The lines in an example jobs_list file might be:
Note
If passed to your cluster_jobs script, this should start three separate jobs corresponding to each of the commands.
The call to the cluster_jobs script in QIIME’s parallel scripts looks like the following:
CLUSTER_JOBS_FP -ms job_list.txt JOB_ID
where CLUSTER_JOBS_FP is the path to your cluster_jobs script and is passed to the parallel scripts via the -U parameter. JOB_ID is intended to be used as a prefix by the cluster_jobs script when creating a unique identifier for each job (and will be passed to the parallel scripts via -X). The same JOB_ID is also used by the QIIME parallel scripts when creating names for temporary files and directories. The -ms indicates that the job files should be made (-m) and submitted (-s).

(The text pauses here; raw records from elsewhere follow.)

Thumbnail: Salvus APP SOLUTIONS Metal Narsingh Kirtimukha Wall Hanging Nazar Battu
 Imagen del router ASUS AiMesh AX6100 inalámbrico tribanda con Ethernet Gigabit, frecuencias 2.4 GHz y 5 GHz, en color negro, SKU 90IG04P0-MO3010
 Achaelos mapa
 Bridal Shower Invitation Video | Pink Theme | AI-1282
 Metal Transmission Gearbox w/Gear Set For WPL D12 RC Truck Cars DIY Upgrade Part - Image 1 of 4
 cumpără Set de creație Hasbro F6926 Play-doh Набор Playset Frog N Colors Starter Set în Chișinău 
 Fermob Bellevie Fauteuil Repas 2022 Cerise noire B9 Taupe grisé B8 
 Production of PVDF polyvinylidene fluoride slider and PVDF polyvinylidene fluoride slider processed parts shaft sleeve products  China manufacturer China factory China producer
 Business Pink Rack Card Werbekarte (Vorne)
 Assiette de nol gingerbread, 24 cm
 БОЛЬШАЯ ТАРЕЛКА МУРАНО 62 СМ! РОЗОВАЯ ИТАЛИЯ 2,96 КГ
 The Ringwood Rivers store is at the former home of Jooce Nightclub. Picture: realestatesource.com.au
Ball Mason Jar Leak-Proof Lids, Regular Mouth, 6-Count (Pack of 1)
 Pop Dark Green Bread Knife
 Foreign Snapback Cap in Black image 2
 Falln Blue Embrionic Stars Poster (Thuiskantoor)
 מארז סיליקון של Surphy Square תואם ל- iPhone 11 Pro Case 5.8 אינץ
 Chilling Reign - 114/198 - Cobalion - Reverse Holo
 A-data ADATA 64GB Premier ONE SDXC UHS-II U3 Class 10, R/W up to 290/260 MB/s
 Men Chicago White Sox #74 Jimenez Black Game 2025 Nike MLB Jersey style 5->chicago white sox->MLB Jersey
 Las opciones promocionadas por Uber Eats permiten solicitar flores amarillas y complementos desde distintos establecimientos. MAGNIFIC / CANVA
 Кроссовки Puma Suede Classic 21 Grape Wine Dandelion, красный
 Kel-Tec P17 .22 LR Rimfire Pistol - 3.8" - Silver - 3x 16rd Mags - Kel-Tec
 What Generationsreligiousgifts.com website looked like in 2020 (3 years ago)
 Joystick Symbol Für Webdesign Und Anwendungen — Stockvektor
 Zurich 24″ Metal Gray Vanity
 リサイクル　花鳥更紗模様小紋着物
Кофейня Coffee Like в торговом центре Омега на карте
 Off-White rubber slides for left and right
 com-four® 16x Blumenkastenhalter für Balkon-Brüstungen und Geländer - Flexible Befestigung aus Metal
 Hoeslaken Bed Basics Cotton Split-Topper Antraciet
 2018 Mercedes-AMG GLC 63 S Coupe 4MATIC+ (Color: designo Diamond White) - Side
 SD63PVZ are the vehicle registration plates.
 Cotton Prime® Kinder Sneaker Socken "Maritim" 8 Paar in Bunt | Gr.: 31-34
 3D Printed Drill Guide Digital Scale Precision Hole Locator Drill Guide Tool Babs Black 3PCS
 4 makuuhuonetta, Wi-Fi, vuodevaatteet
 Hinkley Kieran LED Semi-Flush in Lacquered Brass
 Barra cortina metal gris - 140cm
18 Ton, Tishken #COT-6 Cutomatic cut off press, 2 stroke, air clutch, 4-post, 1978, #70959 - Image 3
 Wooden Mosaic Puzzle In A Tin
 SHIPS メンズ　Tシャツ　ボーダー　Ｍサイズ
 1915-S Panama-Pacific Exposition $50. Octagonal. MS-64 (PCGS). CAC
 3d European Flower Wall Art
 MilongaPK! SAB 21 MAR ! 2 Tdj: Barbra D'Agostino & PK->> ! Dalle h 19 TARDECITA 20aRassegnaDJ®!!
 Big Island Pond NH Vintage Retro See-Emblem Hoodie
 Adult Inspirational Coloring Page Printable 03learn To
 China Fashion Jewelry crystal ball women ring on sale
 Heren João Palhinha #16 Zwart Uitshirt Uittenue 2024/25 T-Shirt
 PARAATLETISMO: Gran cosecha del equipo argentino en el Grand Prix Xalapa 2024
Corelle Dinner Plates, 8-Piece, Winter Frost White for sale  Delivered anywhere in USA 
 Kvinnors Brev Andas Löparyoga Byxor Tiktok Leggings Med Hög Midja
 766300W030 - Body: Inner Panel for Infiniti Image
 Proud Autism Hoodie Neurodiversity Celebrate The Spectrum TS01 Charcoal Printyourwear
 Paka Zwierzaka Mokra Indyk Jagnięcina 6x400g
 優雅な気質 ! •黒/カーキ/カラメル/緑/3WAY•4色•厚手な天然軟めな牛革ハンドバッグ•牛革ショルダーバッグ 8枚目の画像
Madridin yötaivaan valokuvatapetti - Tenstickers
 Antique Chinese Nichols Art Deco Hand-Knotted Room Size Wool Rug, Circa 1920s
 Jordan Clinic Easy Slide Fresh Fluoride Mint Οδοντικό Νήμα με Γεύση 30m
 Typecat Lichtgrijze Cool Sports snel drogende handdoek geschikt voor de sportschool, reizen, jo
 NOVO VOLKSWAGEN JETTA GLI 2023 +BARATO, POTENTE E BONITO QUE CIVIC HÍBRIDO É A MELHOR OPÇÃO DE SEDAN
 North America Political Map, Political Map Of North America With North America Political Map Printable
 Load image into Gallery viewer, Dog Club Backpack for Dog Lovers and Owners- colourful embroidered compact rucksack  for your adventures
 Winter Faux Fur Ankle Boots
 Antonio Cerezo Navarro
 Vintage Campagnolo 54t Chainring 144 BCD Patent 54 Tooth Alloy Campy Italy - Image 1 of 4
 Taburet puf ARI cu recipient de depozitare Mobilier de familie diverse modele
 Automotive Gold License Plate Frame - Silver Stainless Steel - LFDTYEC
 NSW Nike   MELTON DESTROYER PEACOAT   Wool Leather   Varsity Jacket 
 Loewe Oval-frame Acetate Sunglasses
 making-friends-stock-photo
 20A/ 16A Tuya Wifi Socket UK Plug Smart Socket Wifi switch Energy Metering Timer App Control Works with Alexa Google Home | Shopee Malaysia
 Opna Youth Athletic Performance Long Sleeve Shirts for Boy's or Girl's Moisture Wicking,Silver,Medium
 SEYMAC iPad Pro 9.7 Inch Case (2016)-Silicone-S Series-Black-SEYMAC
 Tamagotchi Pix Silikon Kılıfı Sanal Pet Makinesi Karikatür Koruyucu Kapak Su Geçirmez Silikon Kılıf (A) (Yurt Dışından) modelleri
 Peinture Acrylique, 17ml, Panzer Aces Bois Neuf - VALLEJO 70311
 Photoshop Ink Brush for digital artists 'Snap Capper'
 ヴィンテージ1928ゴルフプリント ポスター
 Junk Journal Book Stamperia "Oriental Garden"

Once you have written a cluster_jobs script for your specific environment that can be called via the above interface, running QIIME jobs in parallel should be straight-forward. The parallel variants of the scripts use the same parameters as the serial versions of the scripts, with some additional options in the parallel scripts. Options -N through -Z (capital N through capital Z) are reserved in QIIME for parallel scripts, and in most cases the defaults can be defined in your qiime_config file.
To avoid passing -U CLUSTER_JOBS_FP to each call to a parallel script, you should define the cluster_jobs_fp value in your qiime_config.
The following command will start a parallel run of PyNAST, which uses the same interface as the align_seqs.py script, where the results are written the an output directory “parallel_aligned_seqs/”:
parallel_align_seqs_pynast.py -i repr_set_seqs.fasta -t /ref_set_seqs.fasta -o /home/caporaso/out
The important thing to note is that this command is that same that would be used to call serial (single processor) PyNAST, except that instead of calling parallel_align_seqs_pynast.py, you would call align_seqs.py to start the run on a single processor. The output from this parallel run is the same as the output would be from the serial run.
This section provides some information on details of the parallelization which are hidden from the user, but provided for users who are interested in what is happening behind-the-scenes.
The parallelization works as follows. First, the input file (-i) is split into JOBS_TO_START (-O) different roughly equal-sized files. The serial version of the script – align_seqs.py – is then called on each of these split files as a separate job. Each of these jobs therefore writes its own output files (alignment, log, and failure files). One additional job, the poller, is started to monitor each of the jobs via their output files. When all expected output files exist, the poller will merge the individual output files and clean up any temporary files including the output files created by each of the individual runs. Cleaning up temporary files can be suppressed by passing -R, which is useful for debugging. Bypassing the polling system all-together can be achieved by passing -W.